En visionnant la bande-annonce, le cinéphile pense qu'il s'agit d'un film comme Hollywood sait les produire : à la chaîne. Avec son lot d'explosions, de tensions et de rebondissements, sans oublier son couple de héros ahuris et malchanceux. Le scénario ? Il peut s'écrire sur un post-it : deux journalistes de télévision ont décroché une interview de Kim Jong-Un. La CIA les charge d'assassiner le leader nord-coréen. Simple et (sans doute) efficace : personne n'a encore vu ce film tourné à Vancouver et qui doit sortir le 14 octobre aux États-Unis. Qu'importe : le thème de cette comédie a fait bondir Kim Myong-chol, porte-parole officieux de la dictature. Avec un sens de la nuance très relatif, il déclare : "La réalisation et la diffusion d'un film mettant en scène un attentat contre notre leader (...) constituent un acte de terrorisme et un acte de guerre absolument intolérables". Il ajoute que l'administration américaine devait l'interdire, faute de quoi la Corée du Nord sera contrainte à "des représailles impitoyables" puis, mi-philosophe mi menaçant : "Il y a quelque chose d'ironique dans cette histoire qui montre le désespoir du gouvernement américain et de la société américaine. Ce film sur l'assassinat d'un leader étranger reflète ce que les Américains ont fait en Afghanistan, en Irak, en Syrie, et en Ukraine. Et n'oublions pas qui a tué John Fitzgerald Kennedy : les Américains. En fait, c’est le président Obama qui devrait se méfier au cas où les militaires américains voudraient le tuer aussi." Mais quel film d'action trouve grâce à ses yeux ? Les films britanniques, et notamment ceux avec James Bond qu'il juge comme étant "un bon personnage avec des films beaucoup plus appréciables". Dans "The Interview", Seth Rogen et James Franco incarnent des journalistes de télévision. Randall Park interprète, lui, Kim Jong-Un. La production du film, certainement ravie par cette publicité, s'est empressée de tweeter à l'adresse du dictateur un hypothétique : "J'espère qu'il aimera"...

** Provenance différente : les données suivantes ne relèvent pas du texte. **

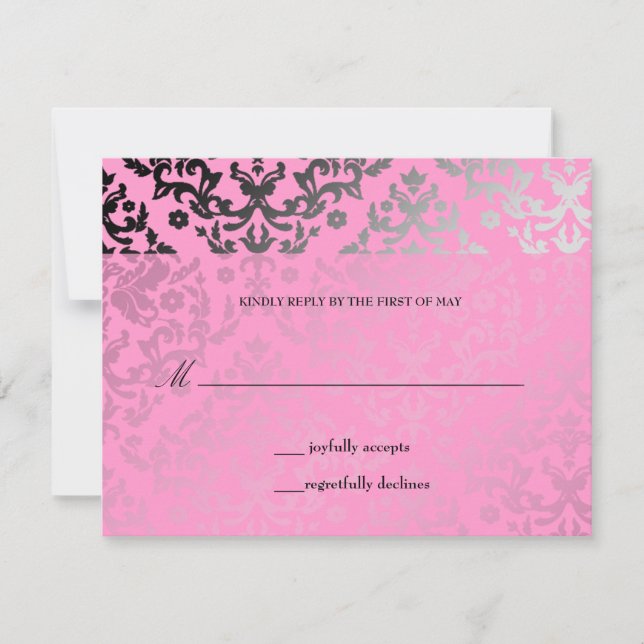 311 Dazzling Damask Rosa Flamingo OSA kort (Framsida)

Le film se moque du culte de la personnalité entretenu par la dynastie Kim
"Il n'urine ni ne défèque"
Dans la bande annonce de "The Interview", la Corée du Nord est considérée comme le "pays le plus dangereux au monde" et elle se moque du culte de la personnalité entretenu par la dynastie Kim. "Le peuple de Kim Jong-Un croit tout ce qu'il lui dit, y compris qu'il peut parler aux dauphins, ou qu'il n'urine ni ne défèque". La charge est pourtant moins énorme qu'il n'y parait.
En Corée du Nord, les passants doivent se prosterner devant les statues de Kim et se retirer à reculons, on affirme dans les écoles qu'un double arc-en-ciel et une étoile seraient apparus dans le ciel lors de la naissance de son père, Kim Jong-il, lequel entretenait des rapports particuliers avec l'univers cinématographique : le dirigeant n'avait pas hésité à faire enlever un réalisateur sud-coréen et son épouse pour réaliser des films chez lui, à Pyongyang. Paranoïaque, dormant avec un révolver sous l'oreiller, le "cher leader" était persuadé qu'un élevage de "lapins géants" pourrait enrayer la faim dans le pays etc.
Il existe tellement d'anecdotes susceptibles de nourrir une telle fiction ! Tout cela prêterait à sourire s'il n'y avait les drames, bien réels ceux-là, que cette dictature engendre dans une impunité totale. La commission de l'ONU publiait il y a plusieurs semaines un rapport de 374 pages. Le document détaille les violations systématiques de la population nord-coréenne par le gouvernement, y compris les allégations d'assassiner, le viol utilisé comme un instrument de torture, les enlèvements, l'esclavage et la famine. Dans son communiqué, le porte-parole de Kim Jong-Un a dénoncé le cinéma américain rempli "d'assassinats et d’exécutions". Une colère qui n'est pas sans rappeler celle des défenseurs des droits de l'Homme. Eux aussi dénoncent "les assassinats et exécutions" en Corée du Nord. Et cette fois, ça n'est pas du cinéma.